MAYOR LUKE BRONIN (D), MAYOR OF HARTFORD, CT: As difficult as that was in this year when so much work has gone into preparing for the first day of school.

WATT: Tens of thousands of confirmed cases now at colleges. West Virginia University just suspended nearly all in-person teaching at one campus for two weeks. Friday night a COVID positive frat member told to isolate went to a party anyway. Nationally case counts are still headed in the right direction for now.

UNIDENTIFIED MALE: But we are beginning to do things we haven't done since the start of the pandemic.

WATT: Like opening some schools and colleges and moving indoors in colder weather. In New York, sheriff's deputies will now stop buses arriving from a staggering 33 states and territories.

UNIDENTIFIED MALE: They will be pulling over buses before they arrive and they'll be giving out those traveler health forms to get people right away to sign up so we can make sure they quarantine.
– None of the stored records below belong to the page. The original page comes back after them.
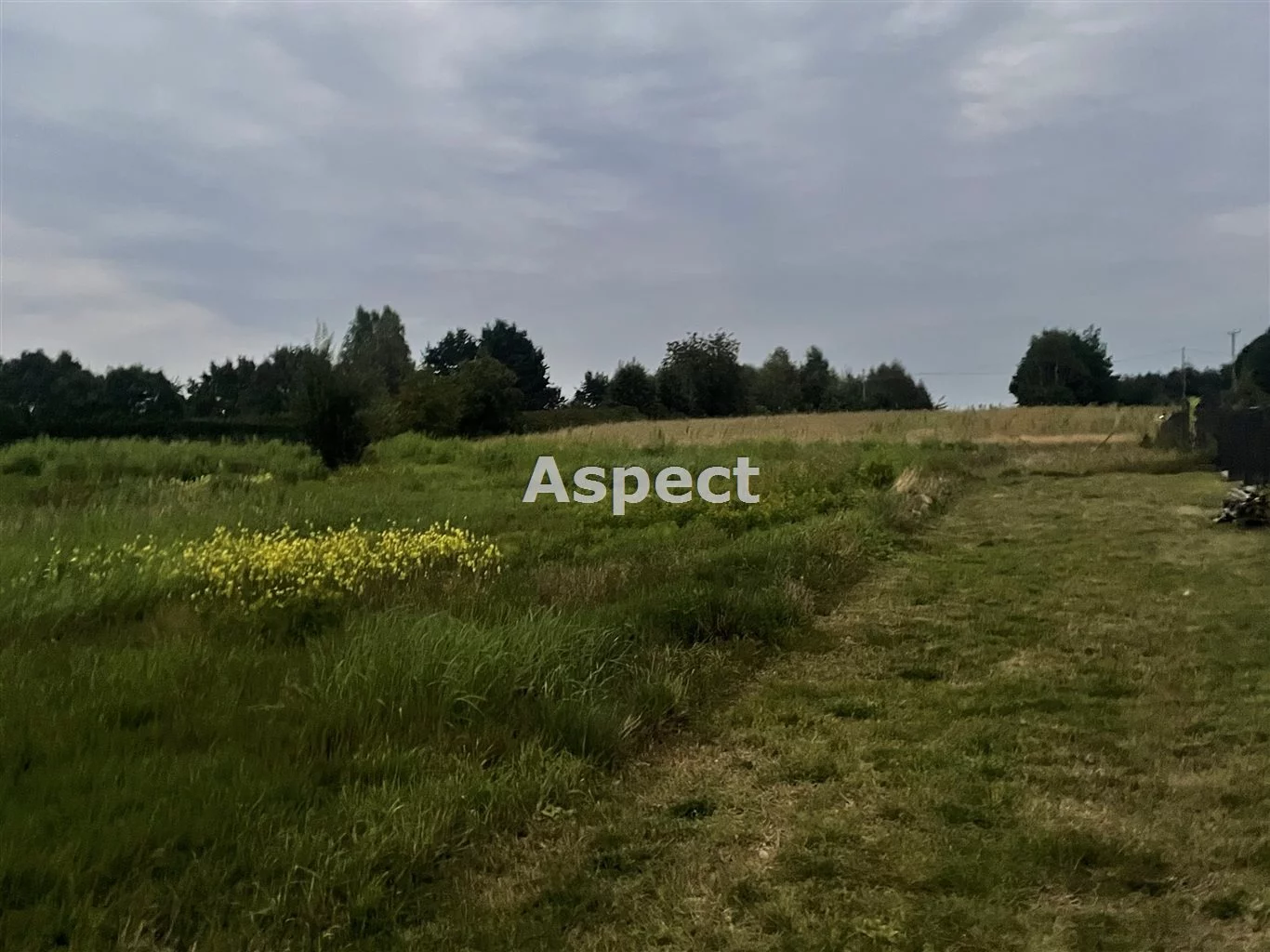 Apartamenty ASJ-GS-50664 Wodzisław Śląski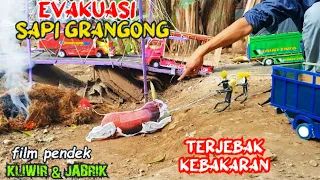 Kliwir & Jabrik_Sapi Grandong Terjebak Kebakaran#sapigrandongterjebakkebakaran
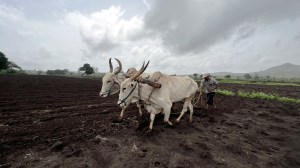 Kharif procurement: Govt departments call for reforms beyond MSP hike to tackle agri concerns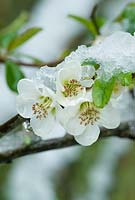 Chaenomeles speciosa 'Nivalis' flowers with snow. March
WATT: Eleven states are right now seeing a rise in average case counts. Arizona and Florida, success stories of the late summer ticking up again.

FAUCI: We need to hang in there together. This will end. And it will end even sooner if we continue to go by the public health measures that have begun for so many months.

WATT: A new study of cell phone data suggests people staying home in the spring did slow the spread of this virus. They saved lives. But the president thinks shutdowns are ridiculous, claims Democrats are using them just to hurt him.

FAUCI: We've got to regain the trust of the community.


WATT: So the CEOs of nine pharma companies racing to produce a vaccine just signed a pledge that they won't submit too soon for approval, suggesting they won't bow to any political pressure. They hope to help ensure public confidence in the rigorous, scientific and regulatory process.

UNIDENTIFIED MALE: It is you are right, it is unprecedented moment and it's a historic pledge. We saw it was critical to come out and reiterate our commitment that we will develop our products, our vaccines using the highest ethical standards.

WATT: Nick Watt, CNN, Los Angeles.


LEMON: That's Nick Watt. I want to bring in now Tom Bollyky, Director of the Global Health Program at the Council of Foreign Relations. Also the author of Plagues and the paradox of progress. Tom, good to have you here. Let's start with this new development tonight, AstraZeneca pausing all of its global vaccine trials after a British volunteer got sick. What does this mean for this vaccine and others going forward?

TOM BOLLYKY, DIRECTOR OF THE GLOBAL HEALTH PROGRAM, COUNCIL OF FOREIGN RELATIONS: Well, for this particular vaccine we don't know. It means delay for certain. There will be an investigation to identify whether this severe, adverse event was related to the vaccine or just something that happens when you have 30,000 people that you're watching.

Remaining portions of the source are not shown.